What the task requires:
Print out the data below in full and exactly, skipping the pictures.
***** Information provided *****
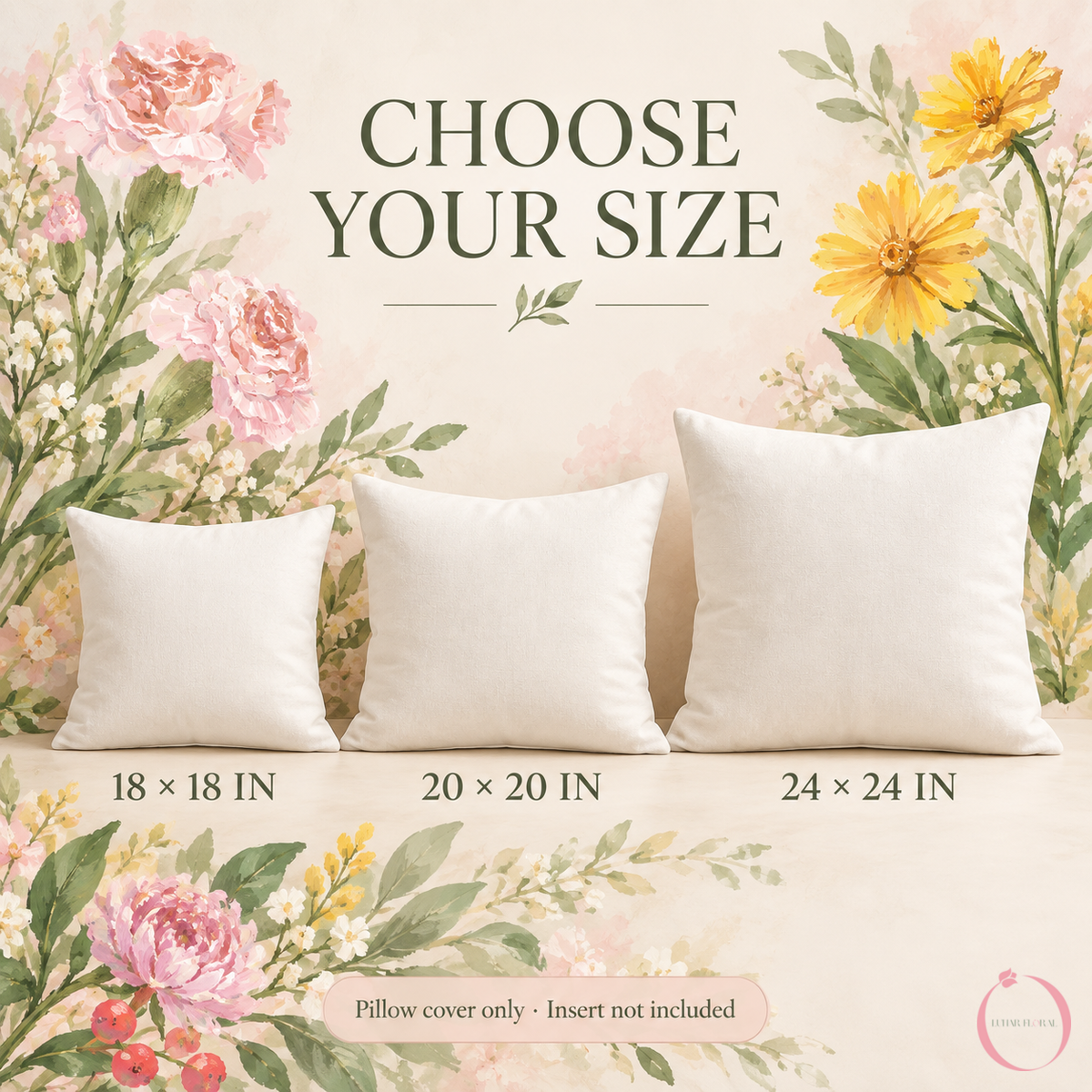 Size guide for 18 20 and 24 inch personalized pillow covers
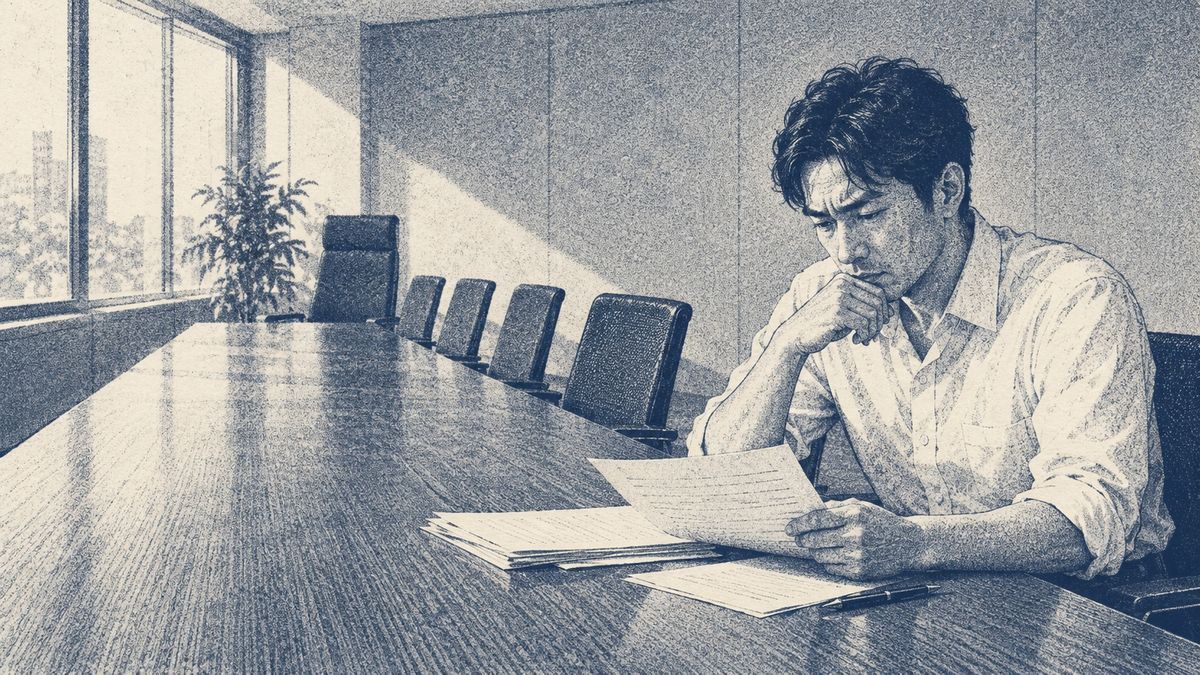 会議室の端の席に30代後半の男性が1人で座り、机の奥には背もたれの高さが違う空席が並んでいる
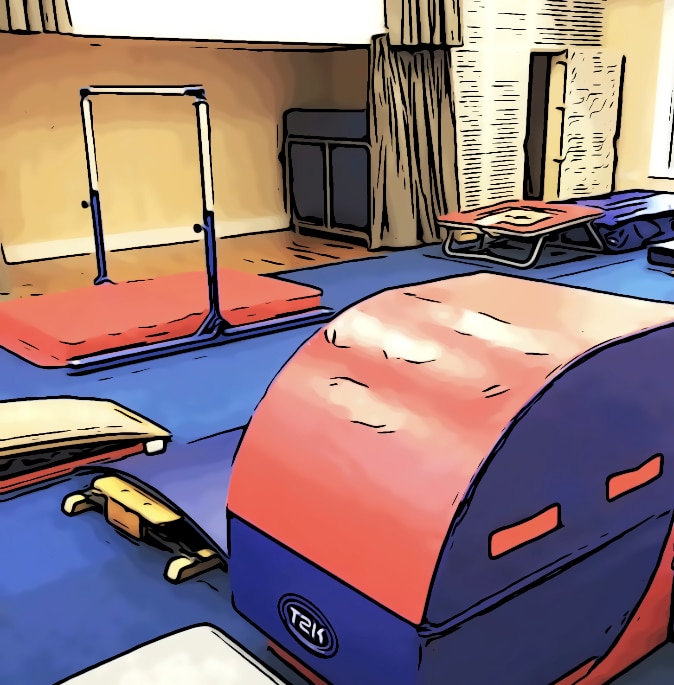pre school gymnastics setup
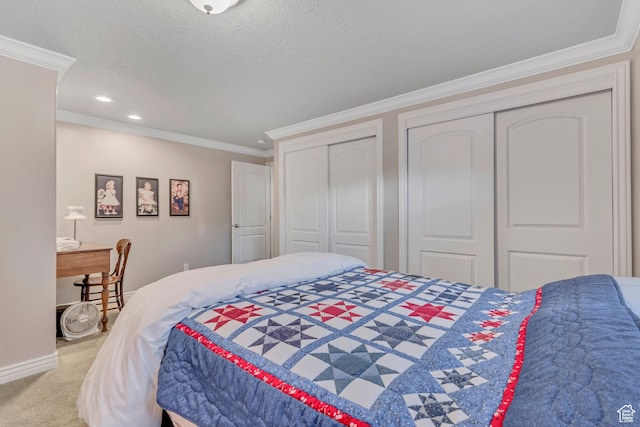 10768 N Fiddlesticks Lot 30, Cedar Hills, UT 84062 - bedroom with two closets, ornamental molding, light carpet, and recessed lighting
*****
Answer to this exercise:
 Size guide for 18 20 and 24 inch personalized pillow covers
 会議室の端の席に30代後半の男性が1人で座り、机の奥には背もたれの高さが違う空席が並んでいる
pre school gymnastics setup
 10768 N Fiddlesticks Lot 30, Cedar Hills, UT 84062 - bedroom with two closets, ornamental molding, light carpet, and recessed lighting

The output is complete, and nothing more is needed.